The algorithm automatically decides which data to delete. It consists of the following steps:
- Evaluating the space used on the volume where the local docker server data are located;
- If the space used exceeds the threshold, werf calculates the amount of space that needs to be freed to get the percent of occupied space back below the threshold (with an extra 5%). By default, the threshold is 70% of the volume space, and you can configure it using the relevant parameter.
- Next, the algorithm proceeds to delete the least recently used (LRU) data until the percent of occupied space goes back below the threshold. By default, the threshold is 70% and an extra 5% as a reserve (you can configure it using the relevant parameter).
What data can be deleted:
- Git archives in the local werf cache:
~/.werf/local_cache/git_archives
. - Git patches in the local werf cache:
~/.werf/local_cache/git_patches
. - Git repositories in the local werf cache:
~/.werf/local_cache/git_repos
. - Git worktree in the local werf cache:
~/.werf/local_cache/git_worktrees
. - All docker images that were built by version v1.2 and exist on the local docker server.
- Docker images that were built by version v1.1 and are stored in
--stages-storage=REPO
.- The algorithm cannot delete images created by version v1.1 and stored in
--stages-storage=:local
since this is the primary storage that keeps stages that can be used in production and other environments.
- The algorithm cannot delete images created by version v1.1 and stored in
Note that the algorithm of the werf host cleanup
command separately processes the volume where the local werf cache is stored (~/.werf/local_cache
) and the volume where the local docker server data are stored (usually at /var/lib/docker
). If werf cannot find the directory where the data of the local docker server are stored, you can specify the appropriate path explicitly via the --docker-server-storage-path=/var/lib/docker
parameter (or via the WERF_DOCKER_SERVER_STORAGE_PATH
environment variable).
By default, werf can automatically clean up the outdated host data as part of any werf command’s regular operation. That is why you do not need to invoke the werf host cleanup
manually or via cron. However, the user can disable auto-cleaning of outdated host data using the --disable-auto-host-cleanup
parameter (or the respective WERF_DISABLE_AUTO_HOST_CLEANUP
environment variable). In this case, we recommend adding the werf host cleanup
command to the list of cron jobs, e.g., as follows:
# /etc/cron.d/werf-host-cleanup
SHELL=/bin/bash
*/30 * * * * gitlab-runner source ~/.profile ; source $(trdl use werf 1.2 stable) ; werf host cleanup
By default, without additional parameters, the werf host cleanup
command cleans up the data of all projects on the host. If invoked with the --project-name PROJECT
parameter, the command can only clean up images on the local docker server. In this mode, the support for the command is partial.
Complete cleanup
The werf host purge command has two running modes: it can delete all the data of a single project or clean up all projects en masse.

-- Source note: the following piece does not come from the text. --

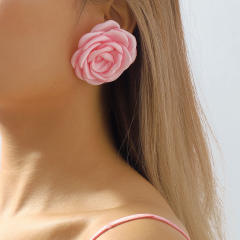 Summer colorful fabric rose flower camellia flower studs earrings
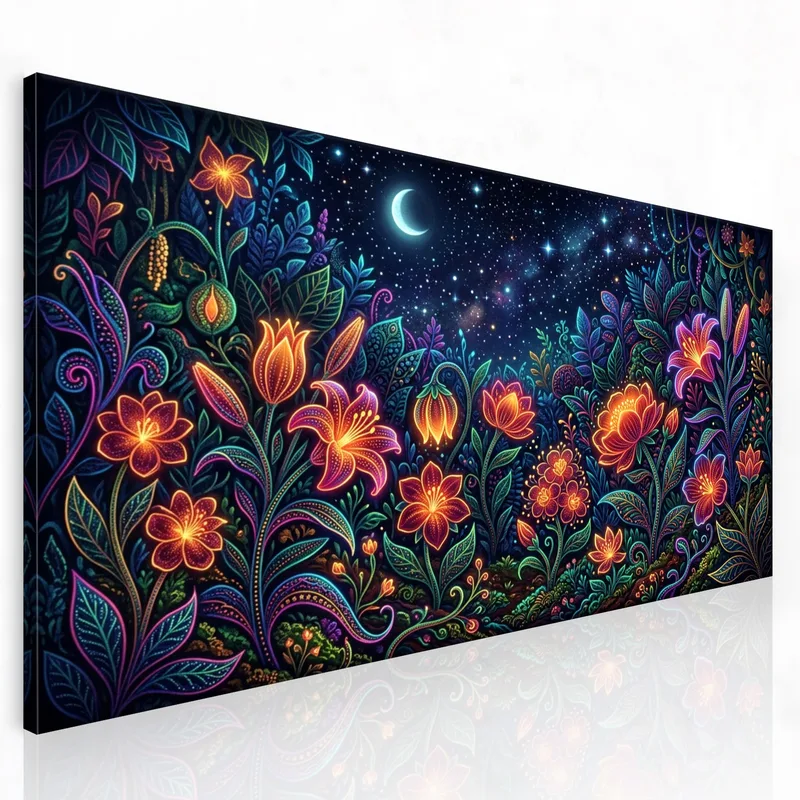 Quadro moderno giardino fiorito illuminato dalle stelle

CAUTION! By default, if no additional parameters are specified, werf host purge
would completely destroy all werf traces on the host: images, stages, cache, and other data (service folders, temporary files) for all projects. This command provides the maximum level of cleaning.
If the --project-name PROJECT
parameter is set, the command will delete images present on the local docker server related to the PROJECT. In this mode, the command is partially functional: werf will not delete images on the local docker server associated with the remote image storage in the container registry (e.g., local images left from running werf converge --repo REPO
). You can use the werf host cleanup
command (that cleans up all the outdated host data) to clean up these images.